The third and final event set to bring Goguen live is yet to be scheduled.
Hoskinson said that he hopes the update will be able to go through sometime in the second quarter of the year, but added that he wasn’t sure whether this would be at the beginning or at the end of the quarter.
The very last chance IOHK will have to make sure everything is okay with Goguen is during the Plutus devnet, which is why it puts so much emphasis on the network. And it’s not just IOHK giving importance to the devnets—the Cardano community also seems to value the isolated developer playgrounds the company puts out.
During the AMA, dozens of questions about the technicalities of these devnets were asked, with the most popular topic by far being the KEVM. The Ethereum Virtual Machine (EVM) running on Cardano implements the K-verification process, making it possible for developers in Cardano to write dApps in Solidity, Ethereum’s native programming language.
According to Hoskinson, KEVM is currently running on the devnet, but there are plans to release it as a full chain that runs alongside Cardano.
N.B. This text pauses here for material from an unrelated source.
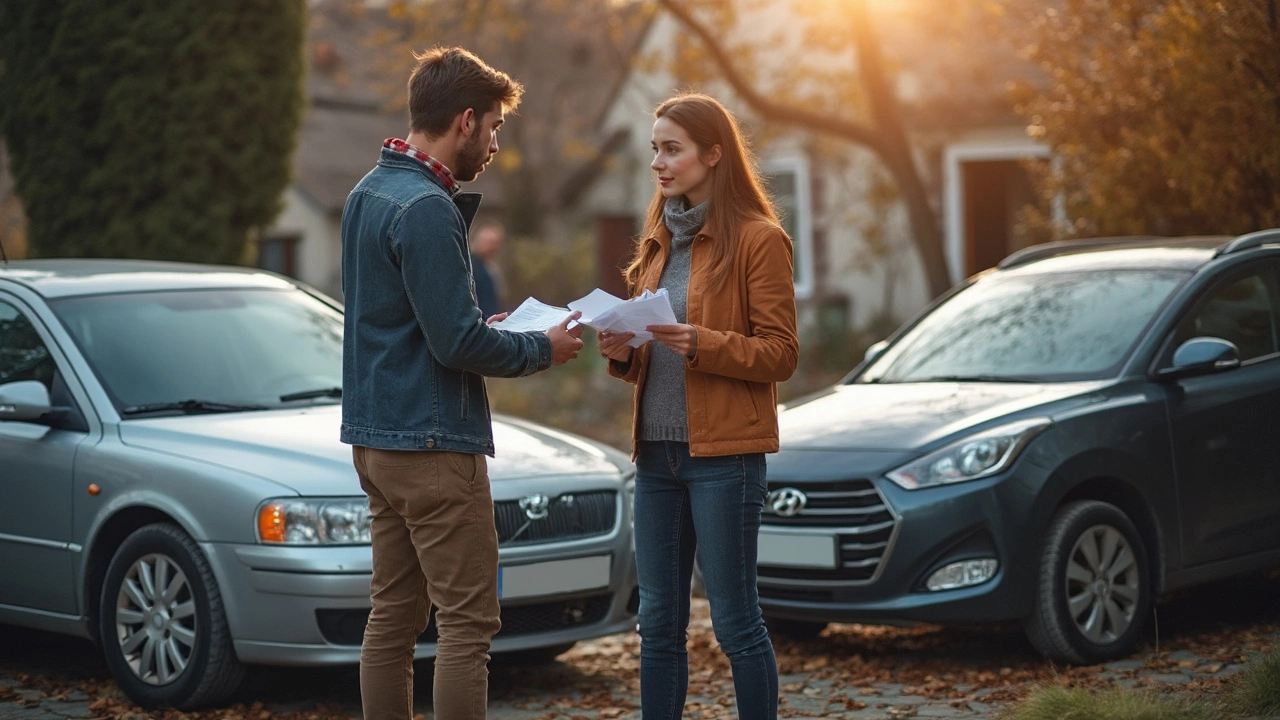 Po kolika letech koupit nové auto: Hyundai v hlavní roli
However, the network will need to launch a CIP to decide on when to go through with this process as it requires a fair amount of preparation. Hoskinson’s goal is to launch KEVM in the second quarter of the year as well. He did note, however, that the exact launch date will depend on how fast the work on Plutus integration is being done. This makes it more likely that KEVM will launch after the third HFC event.
A positive outlook on the future of crypto regulation
The massive structural change coming to U.S. politics with the arrival of the Biden administration has left a large part of the crypto industry worried. With the heads of most regulatory agencies set to change with the new administration, the future of crypto regulation seems rather blurry at the moment.
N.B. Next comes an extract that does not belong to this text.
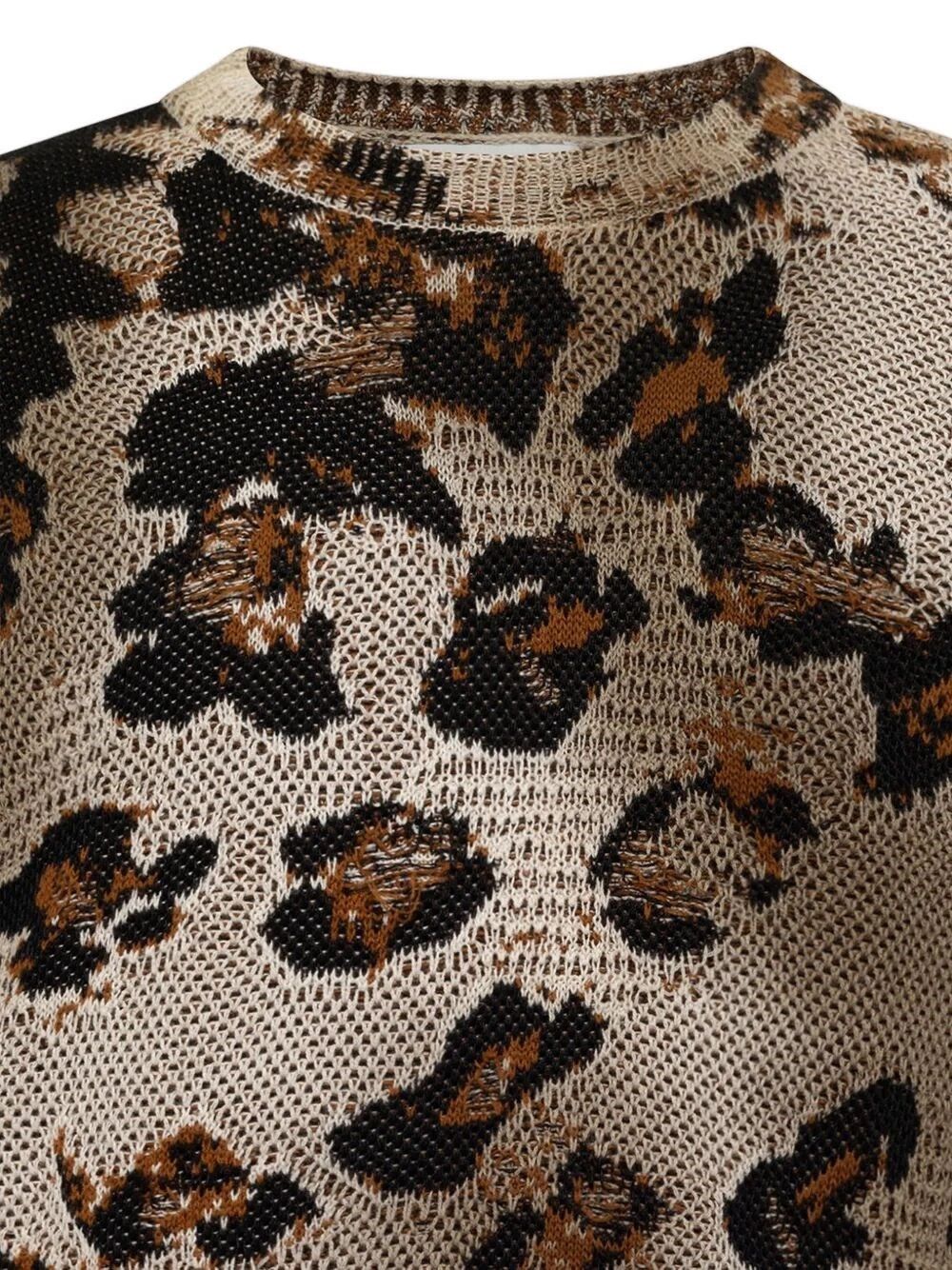 Laneus Sweater Size US M / EU 48-50 / 2 - 4 Thumbnail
Hoskinson, however, doesn’t seem worried about it.
When asked what he thought of the newly appointed head of the U.S. Securities and Exchange Commission (SEC), Gary Gensler, he gave a refreshingly positive outlook. He explained:
“The way that the SEC is currently structured, I honestly believe that it is probably in a productive positive dialogue with the entire industry.”
He believes that there is currently no indication that the new establishment will bring about an anti-crypto SEC, especially given Gensler’s background. A former MIT professor on crypto and blockchain technology, Gensler is hugely competent and has a deep understanding of the industry, Hoskinson said.
His worries about the future of the industry lie with the structure of SEC’s laws, not the people running the agency. He explained that the biggest problem the Commission has is having “too large of a hammer.”
Current securities laws are too broad and force the Commission to punish entire networks and their user bases instead of the individuals that have facilitated behaviors it sees as illegal. He illustrated this with the example of Ripple, which recently found itself at the receiving end of SEC’s many lawsuits.
“If securities laws were slightly different, there could have been a reality where they could have punished Chris [Larsen] and Brad [Garlinghouse] at XRP without trying to say that XRP is a security.”
According to Hoskinson, this approach would accomplish two important things—it would be much easier for the SEC to implement and would not harm XRP investors overall.
Gensler’s arrival at the Commission has the potential to change this, he said, as he believes that he’ll be more capable of working with the administration to find a healthy compromise when regulating the crypto industry.